Так Соня стала учиться. Антонина Трофимовна помогла Соне достать учебники и составила для нее программу занятий. К программе был приложен ею же составленный подробный график - сроки, к которым Соня должна была овладеть отдельными частями программы. И Сонина жизнь была поделена теперь между сваркой и учебниками.
Ей постоянно не хватало времени, особенно вначале. Люди, распоряжавшиеся ею, сочувствовали ее стремлению учиться и хотели бы ей пойти навстречу, но работа ее была необходима району.

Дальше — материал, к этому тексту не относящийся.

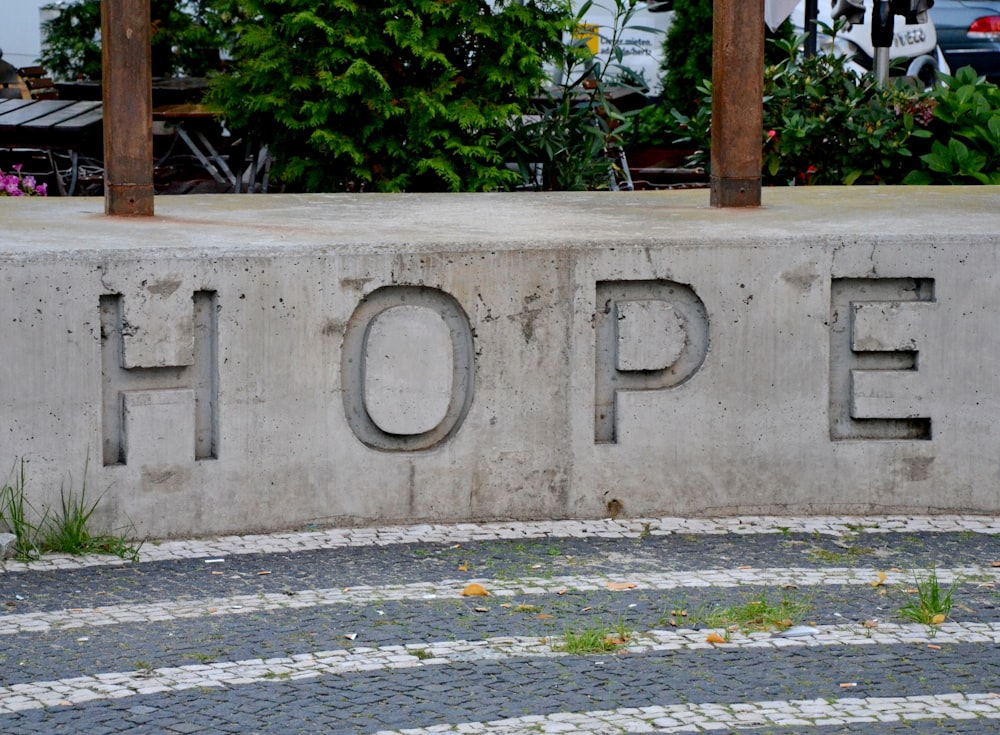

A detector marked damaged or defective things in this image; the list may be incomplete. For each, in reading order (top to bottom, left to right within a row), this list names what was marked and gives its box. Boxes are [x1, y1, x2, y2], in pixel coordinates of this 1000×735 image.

rusty metal post [104, 0, 156, 216]
rusty metal post [712, 0, 764, 207]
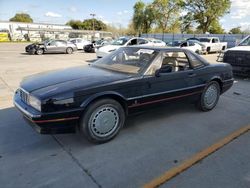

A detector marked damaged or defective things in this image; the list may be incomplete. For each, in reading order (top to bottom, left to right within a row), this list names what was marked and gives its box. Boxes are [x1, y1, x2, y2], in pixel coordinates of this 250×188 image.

cracked asphalt [0, 43, 250, 188]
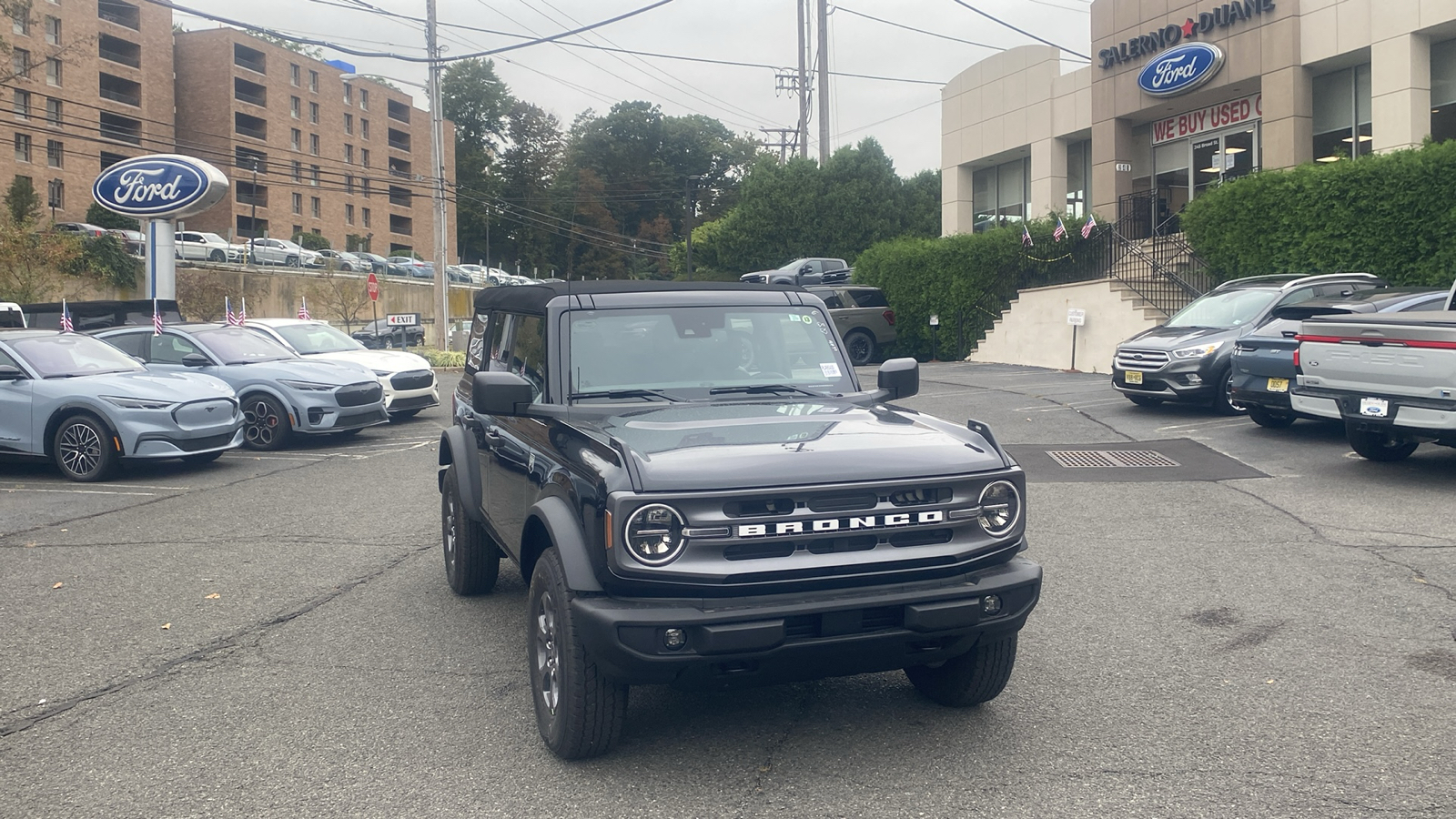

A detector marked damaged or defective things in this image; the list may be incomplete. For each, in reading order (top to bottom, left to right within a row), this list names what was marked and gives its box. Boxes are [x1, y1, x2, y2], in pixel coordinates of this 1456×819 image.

pavement crack [0, 542, 430, 735]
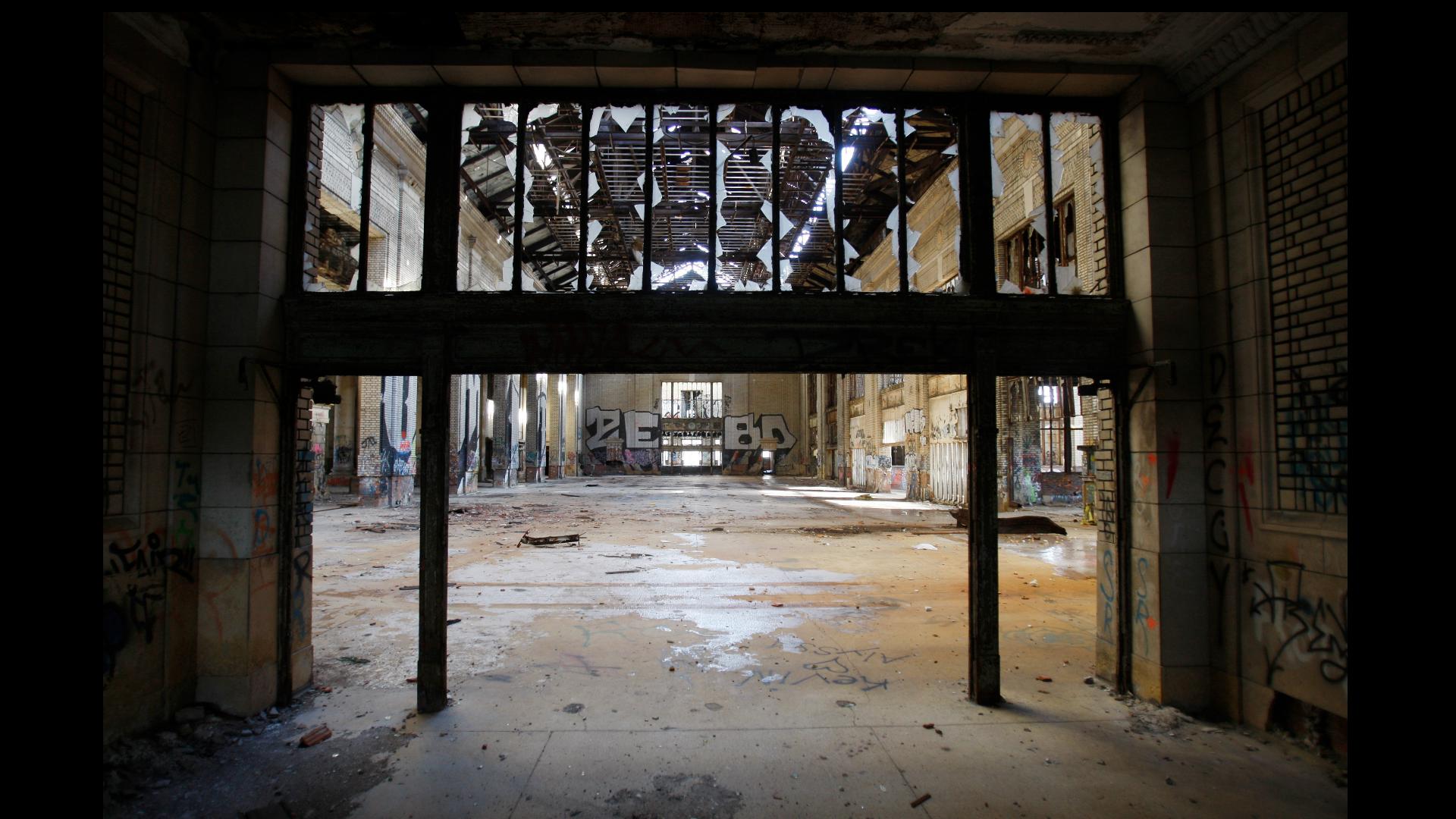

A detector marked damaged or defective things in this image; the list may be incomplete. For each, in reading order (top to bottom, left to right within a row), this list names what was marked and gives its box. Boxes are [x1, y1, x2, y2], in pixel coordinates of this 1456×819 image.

broken window pane [303, 103, 364, 290]
broken window pane [366, 103, 428, 291]
broken window pane [463, 101, 521, 288]
broken window pane [524, 103, 585, 290]
broken window pane [582, 104, 646, 290]
broken window pane [652, 104, 713, 290]
broken window pane [713, 103, 774, 290]
broken window pane [780, 105, 838, 290]
broken window pane [844, 105, 896, 290]
broken window pane [902, 108, 961, 293]
broken window pane [990, 111, 1048, 293]
broken window pane [1054, 111, 1106, 293]
cracked floor [108, 472, 1345, 816]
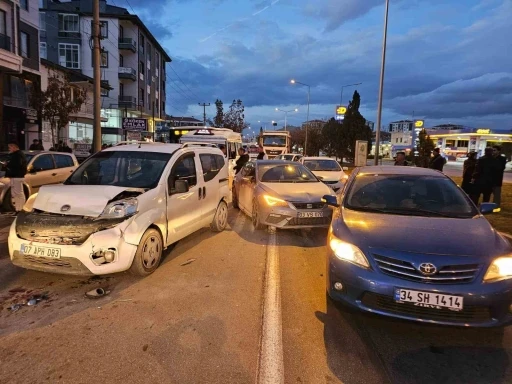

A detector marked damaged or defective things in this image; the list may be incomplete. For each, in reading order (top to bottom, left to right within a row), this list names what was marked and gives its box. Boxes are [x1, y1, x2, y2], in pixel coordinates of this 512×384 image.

crumpled hood [32, 184, 143, 218]
crumpled hood [260, 182, 332, 202]
damaged front bumper [10, 212, 138, 274]
crumpled hood [330, 207, 510, 258]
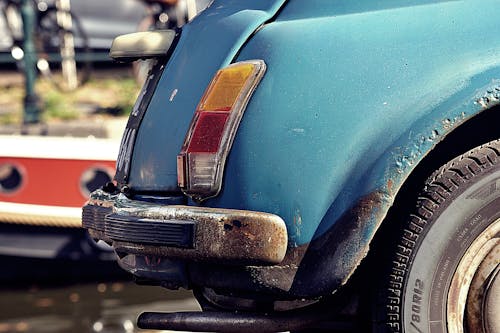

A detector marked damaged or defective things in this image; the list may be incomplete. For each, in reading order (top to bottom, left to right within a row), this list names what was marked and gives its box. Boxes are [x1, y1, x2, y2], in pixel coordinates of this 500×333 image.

rusty bumper [81, 189, 286, 264]
dented bumper [80, 189, 288, 264]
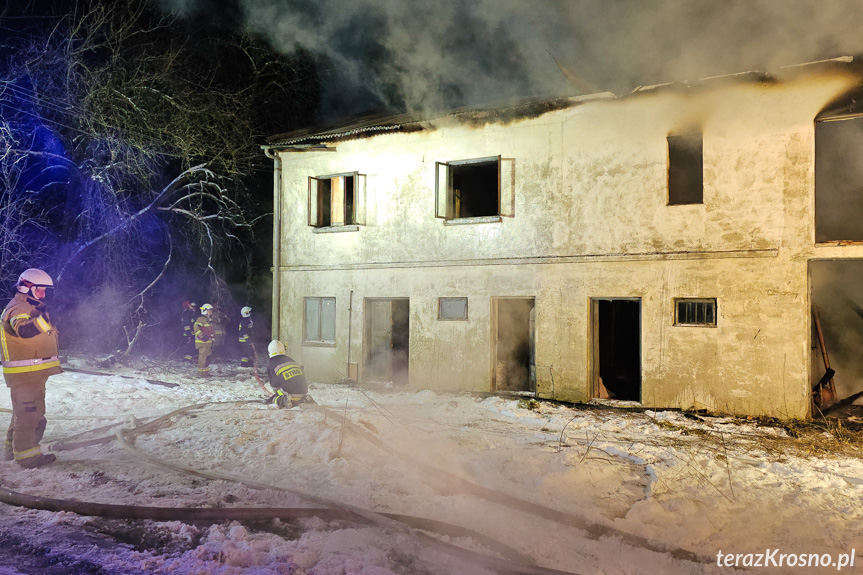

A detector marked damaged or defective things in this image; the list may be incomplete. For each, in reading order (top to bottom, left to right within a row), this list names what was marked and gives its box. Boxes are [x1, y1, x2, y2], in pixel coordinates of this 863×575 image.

После неоднократного вмешательства Антонины Трофимовны в конце концов пришли к такому решению: Соня найдет и обучит для себя сменщицу, и когда та овладеет мастерством автогенной сварки, они будут работать поочередно.
Во время работы у Сони всегда была какая-нибудь помощница. Порой ей давали даже двух помощниц, и Соня чувствовала себя настоящей начальницей. Когда-то Соня была сама помощницей у того мальчишки, который научил ее искусству сварки, и, помня о нем, всегда старалась передать своим помощницам все свои знания и навыки.
С помощницами ей долго не везло. Сначала ей попадались девушки, которые нисколько сваркой не интересовались и испытывали непонятный ужас перед горелкой сварочного аппарата. Но потом Соне стала помогать девушка ее лет, которую звали Тонечкой. Шутили, что она Тонечка потому, что такая тоненькая. Она действительно была необычайно тонка, невелика ростом и на вид казалась двенадцатилетней. Следы долгого голодания лежали на ее маленьком бескровном личике, - она больше полугода пролежала в постели, и все считали, что она уже больше не встанет. Но она встала, поступила на работу, и ее тоненькие, детские ручки оказались на редкость проворными и цепкими. Сварку она считала благородным, увлекательным занятием. Она с радостью и благодарностью согласилась учиться, чтобы стать Сониной сменщицей.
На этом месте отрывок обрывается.